Exclude every picture and return the remaining entries below verbatim.
[Records for processing]
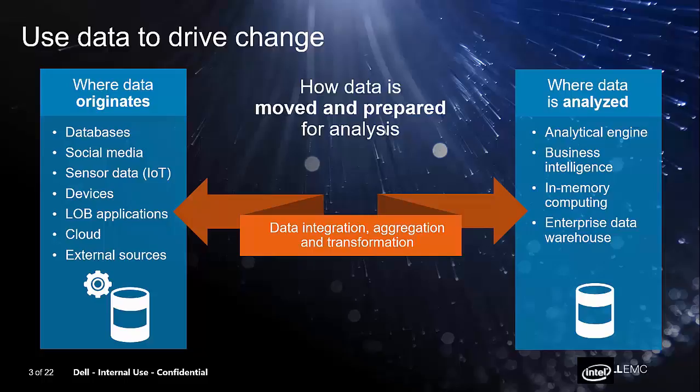When we talk about big data, we want to simplify the conversation. Big data is complex, and a lot of customers are scared — they don't know how to have the conversation or where to start. So what we really try to do is simplify the conversation and break it down into three easy steps. The first step is: what type of data do you want to analyze, and where does that data originate? Is it in a database, social media, sensor data from an IoT use case, an external source, or in the cloud?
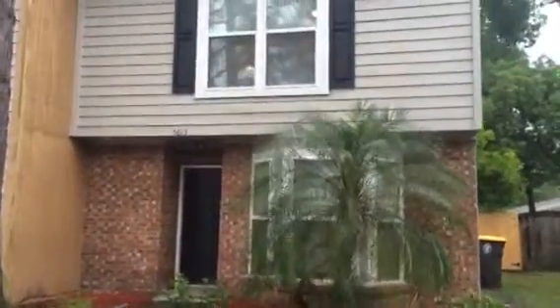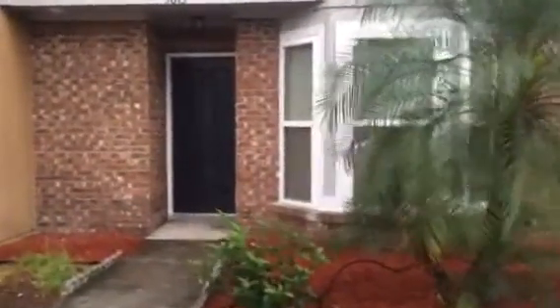Hey, it's John with JWB at 5613 Bennington Drive on the west side of Jacksonville for a final walkthrough. This is a townhome we have just finished renovating. This home is a two-bedroom, two-and-a-half bath.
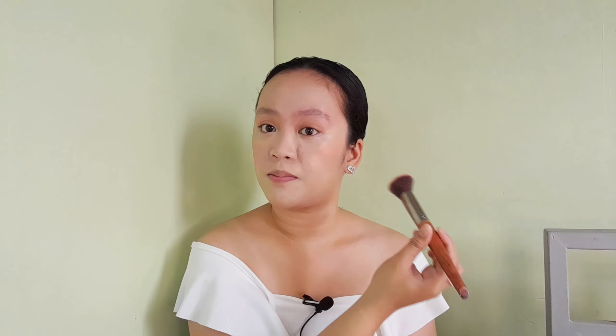For our cheeks, since nakita ko medyo pinkish yung blush ng ating makeup inspiration, gagamit tayo ng ganyan din. Maganda tong blush na to. Lifted lang din para maayon natin sa look.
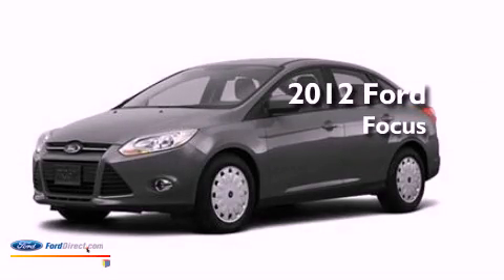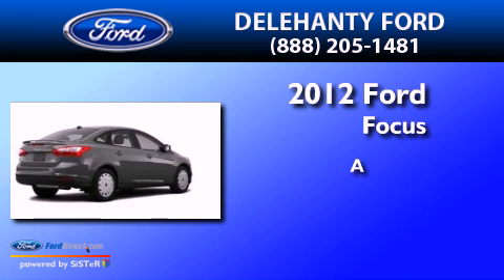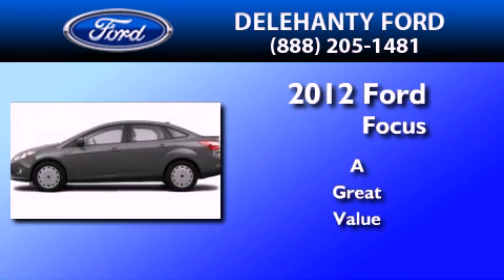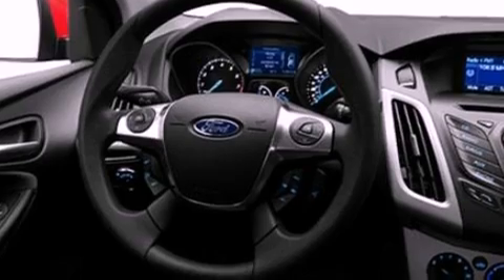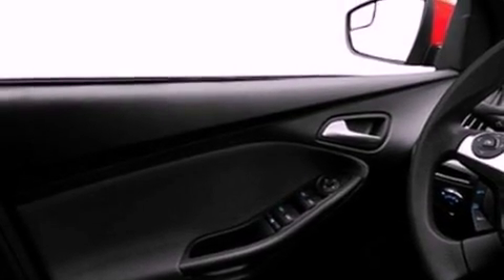This is a brand new 2012 Ford Focus. Its top features include a multi-link rear suspension, speed-sensitive volume controls, and traction control and stability control systems.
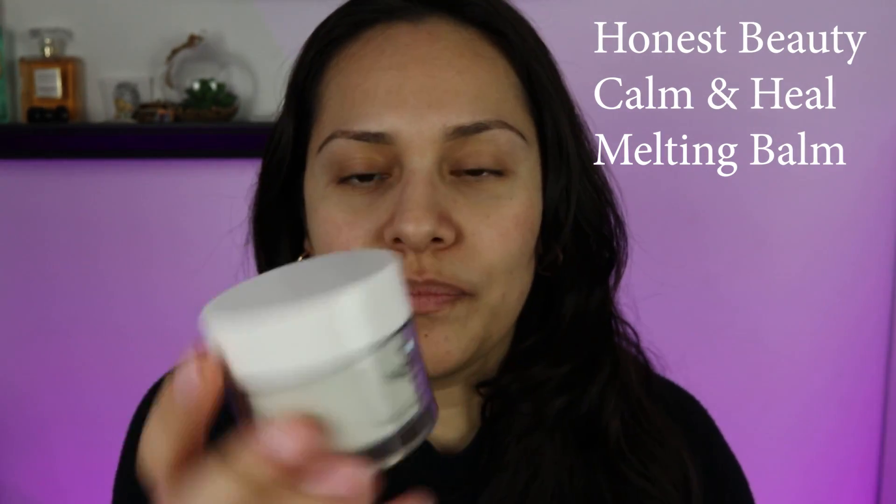The second step for achieving a dewy glowy look is moisturizer. Since I'm dry, there are two moisturizers I love. You can find them at CVS, ShopRite, or Target — they're very accessible. The first is the Honest Beauty Calm and Heal Melting Balm, and the OG favorite is Nivea Cream. Both are very emollient moisturizers. The Nivea does have a scent, so if you prefer unscented, go with the Honest Beauty.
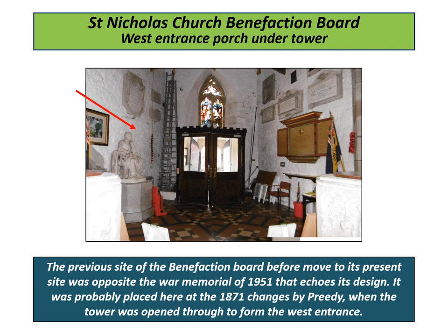The previous site of the Benefactions Board, before its move to its present site, was opposite S. E. Dykes-Bower's War Memorial, erected in 1951. The War Memorial echoes, in similar style, the painted frame of the Benefactions Board hung opposite at that time. The Benefactions Board was probably placed there in 1871, when the tower was opened through to form the west entrance we have today. However, when Glykens' sculpture of Sir Hamilton Seymour was placed there a few years later, it prevented the doors of the board from being fully opened, leading to the move of the board in the 1980s to its present site in the North Aisle.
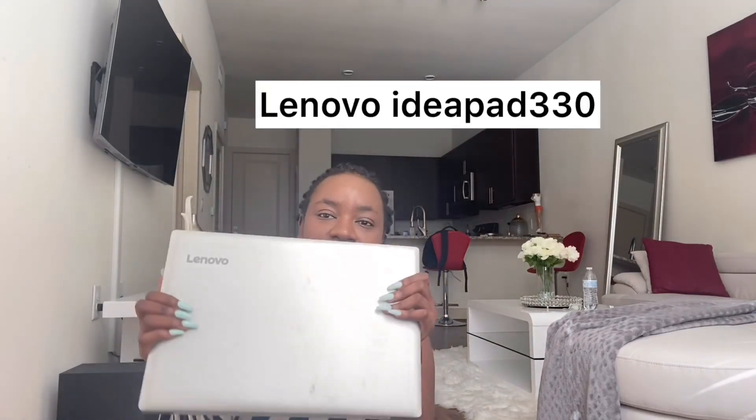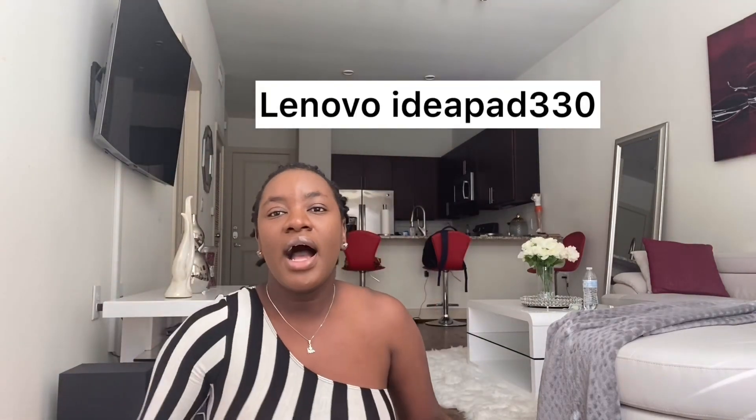My third favorite item is this Lenovo laptop. I got it around the time I started my final year project in university — my sister's husband got it for me. It's a Lenovo IdeaPad 330 and it's super sleek. If you're looking for a laptop that's not too big and can serve all purposes, this is the one.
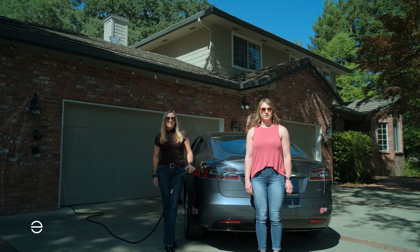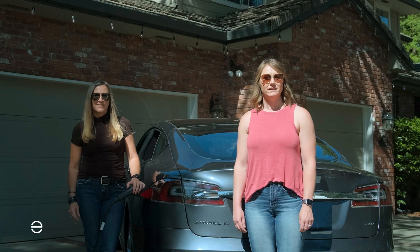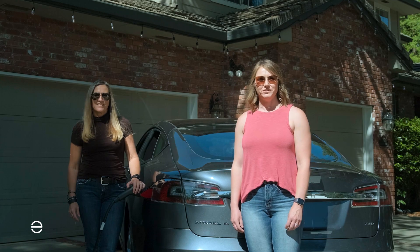Hi, we're both with Enphase Energy and today we're here with another series of frequently asked questions. This one is focused on EV charging. People often say EVSE, or charging station, or charging port — can you talk a little bit about what those words mean?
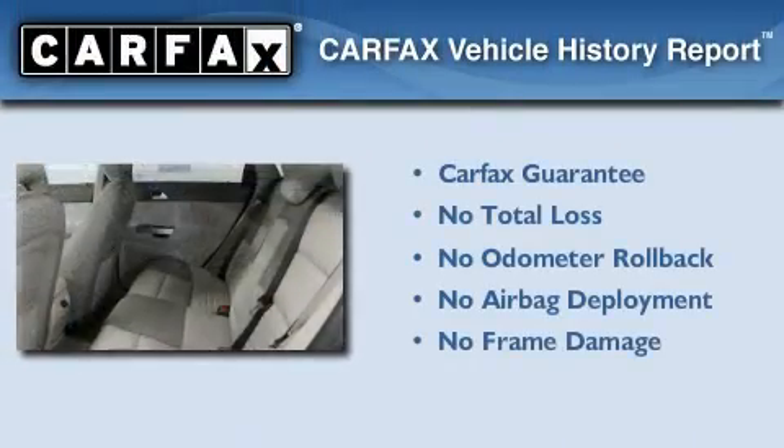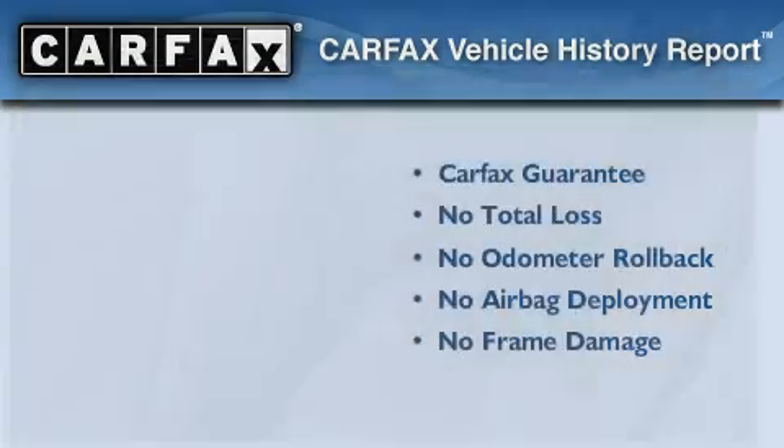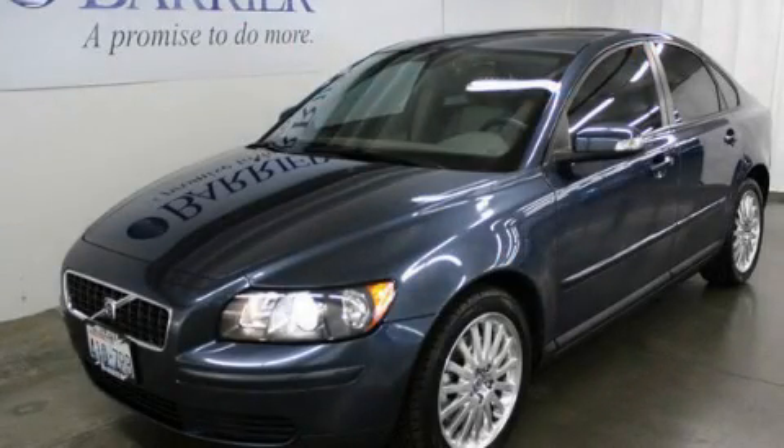Not to mention that this Volvo qualifies for the Carfax buyback guarantee. Call or visit us right now and arrange your test drive today.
[/Records for processing]
■ **Written solution**:
When we talk about big data, we want to simplify the conversation. Big data is complex, and a lot of customers are scared — they don't know how to have the conversation or where to start. So what we really try to do is simplify the conversation and break it down into three easy steps. The first step is: what type of data do you want to analyze, and where does that data originate? Is it in a database, social media, sensor data from an IoT use case, an external source, or in the cloud?
Hey, it's John with JWB at 5613 Bennington Drive on the west side of Jacksonville for a final walkthrough. This is a townhome we have just finished renovating. This home is a two-bedroom, two-and-a-half bath.
For our cheeks, since nakita ko medyo pinkish yung blush ng ating makeup inspiration, gagamit tayo ng ganyan din. Maganda tong blush na to. Lifted lang din para maayon natin sa look.
This is a brand new 2012 Ford Focus. Its top features include a multi-link rear suspension, speed-sensitive volume controls, and traction control and stability control systems.
The second step for achieving a dewy glowy look is moisturizer. Since I'm dry, there are two moisturizers I love. You can find them at CVS, ShopRite, or Target — they're very accessible. The first is the Honest Beauty Calm and Heal Melting Balm, and the OG favorite is Nivea Cream. Both are very emollient moisturizers. The Nivea does have a scent, so if you prefer unscented, go with the Honest Beauty.
The previous site of the Benefactions Board, before its move to its present site, was opposite S. E. Dykes-Bower's War Memorial, erected in 1951. The War Memorial echoes, in similar style, the painted frame of the Benefactions Board hung opposite at that time. The Benefactions Board was probably placed there in 1871, when the tower was opened through to form the west entrance we have today. However, when Glykens' sculpture of Sir Hamilton Seymour was placed there a few years later, it prevented the doors of the board from being fully opened, leading to the move of the board in the 1980s to its present site in the North Aisle.
My third favorite item is this Lenovo laptop. I got it around the time I started my final year project in university — my sister's husband got it for me. It's a Lenovo IdeaPad 330 and it's super sleek. If you're looking for a laptop that's not too big and can serve all purposes, this is the one.
Hi, we're both with Enphase Energy and today we're here with another series of frequently asked questions. This one is focused on EV charging. People often say EVSE, or charging station, or charging port — can you talk a little bit about what those words mean?
Not to mention that this Volvo qualifies for the Carfax buyback guarantee. Call or visit us right now and arrange your test drive today.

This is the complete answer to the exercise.